LUCCA. Dieci anni fa esatti, il 2 marzo del 2007, pochi mesi prima di compiere novant’anni, moriva uno dei più noti e apprezzati esponenti dell’arte lucchese del Novecento: il pittore Dino Cacini. Era nato a Ponte Buggianese, in provincia di Pistoia, ma aveva praticamente sempre vissuto a Lucca.

Un pittore con l’animo del poeta: era lui stesso a descriversi così. Oggi, nel decennale dalla sua scomparsa, a ricordarlo è la figlia Romana, insegnante. Per ricordare la figura del padre e la sua arte si sta adoperando per realizzare una mostra delle sue opere nel centenario dalla nascita, che cadrà nell’ottobre del 2017. La mostra, annuncia Romana Cacini, sarà ospitata nei locali della Fondazione Lazzareschi, il “palazzo di vetro” della cultura in piazza Felice Orsi a Porcari. In più, sempre la famiglia del pittore, donerà alcune stampe da lui realizzate, di Papa Giovanni XXIII: verranno cedute alla parrocchia di San Marco.

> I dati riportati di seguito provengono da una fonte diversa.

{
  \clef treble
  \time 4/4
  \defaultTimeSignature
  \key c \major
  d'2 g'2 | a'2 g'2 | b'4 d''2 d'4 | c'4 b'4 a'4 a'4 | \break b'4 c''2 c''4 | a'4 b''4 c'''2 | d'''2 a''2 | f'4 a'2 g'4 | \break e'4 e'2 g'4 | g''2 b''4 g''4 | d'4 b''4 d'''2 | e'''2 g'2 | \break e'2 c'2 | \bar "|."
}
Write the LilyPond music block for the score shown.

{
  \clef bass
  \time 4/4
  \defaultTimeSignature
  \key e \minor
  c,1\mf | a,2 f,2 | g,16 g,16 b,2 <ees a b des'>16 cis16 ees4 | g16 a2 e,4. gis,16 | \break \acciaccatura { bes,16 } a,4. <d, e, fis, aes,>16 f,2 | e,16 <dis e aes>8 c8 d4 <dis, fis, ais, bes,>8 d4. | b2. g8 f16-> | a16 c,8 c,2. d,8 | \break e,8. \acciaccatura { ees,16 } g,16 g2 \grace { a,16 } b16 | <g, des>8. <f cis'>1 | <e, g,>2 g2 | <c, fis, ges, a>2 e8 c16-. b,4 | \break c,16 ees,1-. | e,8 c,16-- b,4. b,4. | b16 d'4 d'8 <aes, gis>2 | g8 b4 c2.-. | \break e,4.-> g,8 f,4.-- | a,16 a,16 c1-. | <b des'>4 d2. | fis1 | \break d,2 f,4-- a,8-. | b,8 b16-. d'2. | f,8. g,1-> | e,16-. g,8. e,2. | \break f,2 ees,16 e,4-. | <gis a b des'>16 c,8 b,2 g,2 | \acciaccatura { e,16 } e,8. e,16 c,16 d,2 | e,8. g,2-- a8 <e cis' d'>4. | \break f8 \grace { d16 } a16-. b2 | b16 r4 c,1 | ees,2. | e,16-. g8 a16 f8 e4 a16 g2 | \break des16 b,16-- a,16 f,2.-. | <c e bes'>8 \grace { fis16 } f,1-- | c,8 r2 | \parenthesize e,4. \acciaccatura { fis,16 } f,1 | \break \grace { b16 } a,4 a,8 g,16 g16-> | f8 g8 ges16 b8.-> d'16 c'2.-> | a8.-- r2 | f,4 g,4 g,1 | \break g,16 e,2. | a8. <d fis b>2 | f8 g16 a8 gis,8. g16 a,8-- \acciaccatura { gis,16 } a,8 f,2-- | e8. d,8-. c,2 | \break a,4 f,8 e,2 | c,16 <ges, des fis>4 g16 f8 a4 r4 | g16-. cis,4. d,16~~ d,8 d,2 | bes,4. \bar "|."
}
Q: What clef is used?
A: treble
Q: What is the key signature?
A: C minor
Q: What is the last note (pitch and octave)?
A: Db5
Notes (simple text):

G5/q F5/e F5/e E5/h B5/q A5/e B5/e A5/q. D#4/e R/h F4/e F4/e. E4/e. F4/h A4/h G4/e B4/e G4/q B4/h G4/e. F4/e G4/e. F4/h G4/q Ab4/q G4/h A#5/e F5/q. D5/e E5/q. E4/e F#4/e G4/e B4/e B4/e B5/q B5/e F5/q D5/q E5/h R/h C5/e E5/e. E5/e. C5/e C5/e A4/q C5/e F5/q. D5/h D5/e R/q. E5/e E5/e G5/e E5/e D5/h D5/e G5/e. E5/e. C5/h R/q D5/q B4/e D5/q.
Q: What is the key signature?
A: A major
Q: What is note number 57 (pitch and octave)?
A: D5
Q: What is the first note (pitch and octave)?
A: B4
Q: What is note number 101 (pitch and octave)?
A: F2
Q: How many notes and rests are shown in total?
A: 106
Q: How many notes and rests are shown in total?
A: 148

«Ho visto la mostra di Dino Cacini e trovo che egli ha un temperamento di pittore e uno spirito di artista», scriveva di lui nel 1962 il pittore Giorgio De Chirico dopo aver ammirato alcune sue opere esposte a una mostra a Montecatini. Solo uno dei tanti giudizi di personalità di spicco del mondo dell’arte che elogiavano l’opera dell’artista lucchese di adozione.

«La vita siamo noi vivi – scriveva Cacini nei primi anni Settanta -, quelli che non sono più, e i posteri!! Mi viene questa riflessione nel pensare e nel sentire quanto è importante il colore nella vita. Il colore è luce, sentimento, musica e poesia insieme; la poesia è la base dell’arte. Il poeta la esprime con le parole che ci guidano e ci consentono di far nostro il suo stato d’animo… Un pittore che sia tale per natura d’artista, non dipinge solo quando è davanti al cavalletto, ma “dipinge” anche quando, camminando per la strada o nella solitudine, vede e sente ciò che esprimerà sulla tela».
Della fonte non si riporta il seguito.